EPILOGUE: THREE STORIES
ONE
The last time he sees Maine, it's snowing.
The ragged gash torn through the hull of the ship opens onto storm clouds, thick snowflakes melting in their slow drift through the shredded decks above him. Wash, lying on his back, stares up and picks out patterns in the swirling flakes, feeling dizzy and weightless. He remembers the one time it snowed back in Texas. He remembers Allison standing under the street lights, staring up at the sky, laughing—
He doesn't. He doesn't remember. He grew up on a desert colony and found friends in the pouring rain and lost them, one by one, in the sterile confines of a spaceship. His hands spasm and clench into fists. He feels dizzy and weightless. He remembers. He—
"You're still here."
Wash's HUD is flashing warnings about the damaged crossbeams above him groaning under the unaccustomed strain of planetary gravity. The snow is swirling. The snow is melting. He's cold.
Footsteps send vibrations through the deck and, by contact, through his helmet. He thinks it's entirely possible the vibrations will shake him apart. He wonders if they ever got the waste disposal unit in his helmet working properly. He wonders how much it hurt Allison to die.
A flicker of light above him. A flare. "Hello, Agent Washington," Sigma says.
Wash blinks. Coughs. "Sigma," he says. His voice is small and shaking. He remembers... he remembers the twins beside his bed. Telling him everything's okay. Telling him Epsilon's gone. Telling him lots of things. "Sigma, what's happening? Did we crash?"
"We did," Sigma says. "The traitors will be punished. This is only a minor setback."
"Oh," says Wash. He coughs again.
"Your armor's integrity has been compromised," Sigma explains, helpfully. "It is no longer airtight. The power cell was damaged in the crash."
Wash's eyes are watering; smoke, he realizes. He can't move. "I can't move."
"Here," says Sigma.
Maine looms in nearer, wedges a hand under Wash's chin and pops the seals, yanking off his helmet. Wash chokes on the influx of smoke, coughing, trying to curl in on himself, but the armor won't move without power. "Maine. Maine, c'mon, get me out of this."
Maine stares, tilts his head to one side. Wash feels small, pinned, and the sensation is starting a slow boil of panic in his chest. "Sigma, what—"
"We do not have much time," Sigma says. "He no longer has Epsilon. He is not important. Help is on the way, Agent Washington. We have... other matters that need attending."
Maine grunts and straightens up, Sigma flaring at his side.
Epsilon is distant, Wash thinks, but not entirely gone. His memory isn't something that can be excised surgically. There are flashes.

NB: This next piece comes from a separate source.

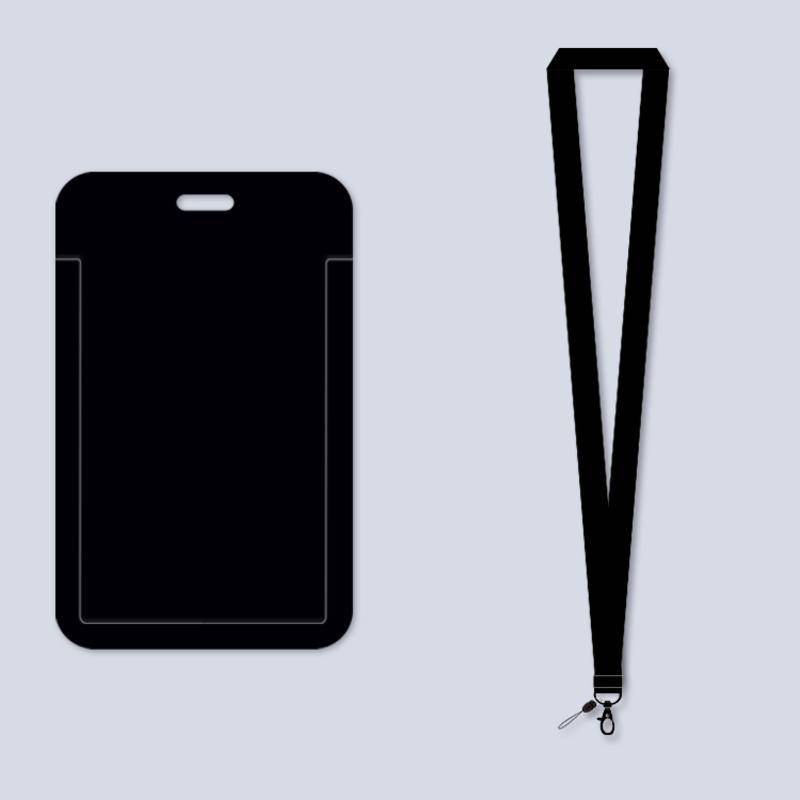 Ins Solid Color Card Holder with Long Lanyard for Student Car Card Meal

There are fragments, pieces.
He remembers Sigma's smile.
"I remember," Wash chokes out through another coughing fit.
In an instant, Sigma is beside him again. "What do you remember, Agent Washington?"
Wash stares at him through streaming eyes. "Everything."
Sigma flinches, recovers, sighs. "We are running out of time. Many people are running out of time. Agent Maine."
Maine is crouched beside Wash again. Wash barely has time to register the knife in Maine's hand before it's pressing delicately into the skin just below his right eye.
"Maine," Wash says. He knows he could jack-knife, twist up, force Maine away, if not for the armor weighing down his limbs. He can't move. He swallows another cough, shuddering. "Maine, what are you doing?"
Maine tilts his head again, traces the knife across the bridge of Wash's nose. It doesn't hurt; he's not pushing hard. Wash holds his breath. Maine puts a little more weight into the tip of the blade. "Maine."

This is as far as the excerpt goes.